Computational Geometry of Ski Run Turns, Part 2

As noted in the first part of this two part series, the Ski+ app features a unique ability to count the number of turns you take on a ski run, as well as calculate keys statistics of the turns including average turn radius, and average turn G-Force. After each turn is detected using the technique described in part one, the next step is again apply computational geometry to calculate the turn radius, and the G-Force of the skier for each turn.

Austrian-American mathematician Karl Menger derived the equation for calculating the radius of any curve passing through three points - a start point, a mid point, and an end point. Given a stream of GPS data points it’s quite simple to get the points immediately adjacent to the turn point to calculate the turn radius. The first step is to create a triangle between the three points P1, P2, and P3. P2 is the turn point. Next, you calculate the lengths, or distance for each edge of the triangle A, B, and C.

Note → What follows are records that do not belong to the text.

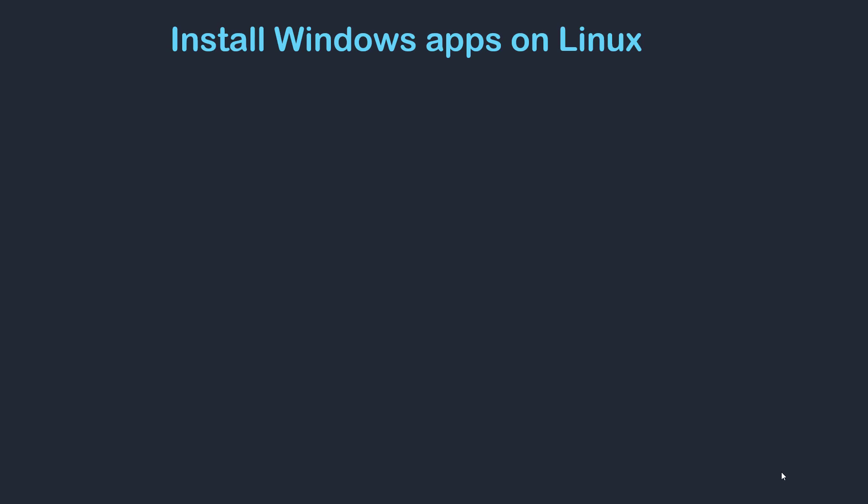Hey everyone, a warm welcome to this video lecture. In this video, we are going to explore how to install Windows applications on Linux. For demonstration purposes, I'll be using Ubuntu 24.04 as my Linux environment. Now there are multiple ways of installing Windows applications on Linux, and one of the most widely used methods is using Wine. Wine is a free and open source compatibility layer that allows Windows programs to run on Linux, and it works by translating Windows API calls into Linux commands. I'm going to install Wine on Ubuntu 24.04 and show you how to install a Windows .exe application on Linux using Wine.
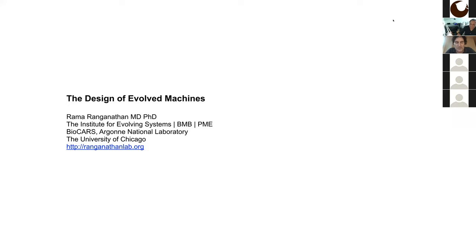We brought together a diverse interdisciplinary group of physicists, biologists, and other scientists to use the wonderful environment in Aspen to make progress. We're all very sad not to be there — it's a wonderfully stimulating place to think and do physics. We're looking forward to being back there next year. We're very lucky today to have Rama Ranganathan from the University of Chicago.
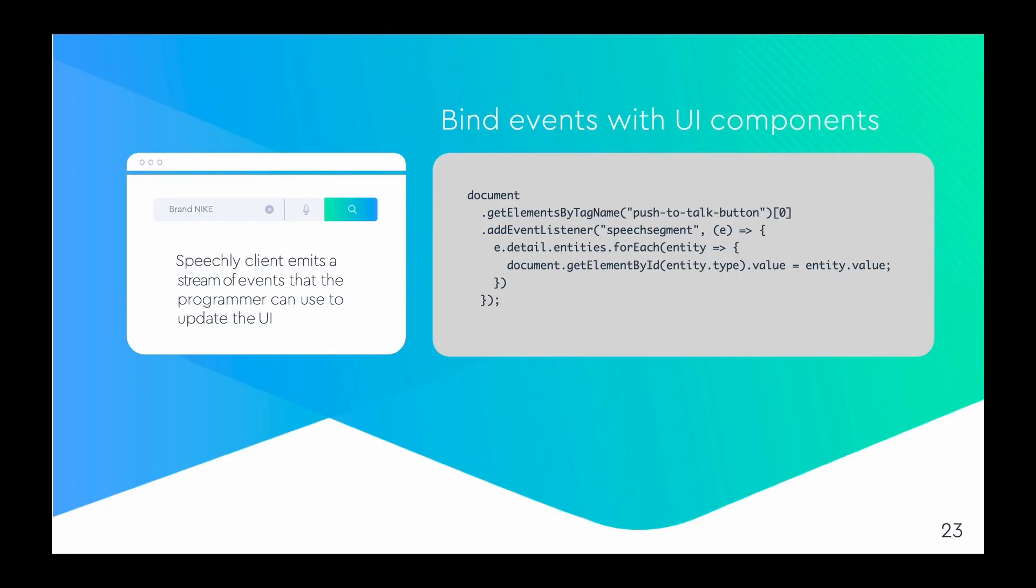The final step is to bind the stream of data events provided by the Speechly client to the UI components of the application. Again the code that we are going to use is visible in the code box on this slide.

This algorithm requires that A ≥ B ≥ C. Fortunately, typically A ≫ B, A ≫ C, and B ≈ C, but to insure the reliability and numerical stability of the algorithm, the distances are sorted prior to calculating the Menger curvature. The radius, or inverse of the curvature, is the product of the triangle lengths divided by four times the area of the triangle (k).

The area of the triangle (k) can be calculated with the triangle edge lengths using Heron’s formula.

With the turn radius it straightforward to use physics to calculate the curvilinear acceleration for the turn using the square of the skier’s velocity at the turn point, the turn radius, and the gravitational acceleration constant to convert the units to G’s.

Note that these calculations are sensitive to the calculated distance between each point. As noted in the Little Lies my GPS Told Me article, the built-in distance functions in Apple’s Core Location system provide incorrect distance values when there are substantial altitude changes between GPS points, such as when you are skiing on a steep alpine slope. If you try and calculate the ski turn radius using Apple’s built-in distance functions, you will mis-estimate the turn radius and turn G-force.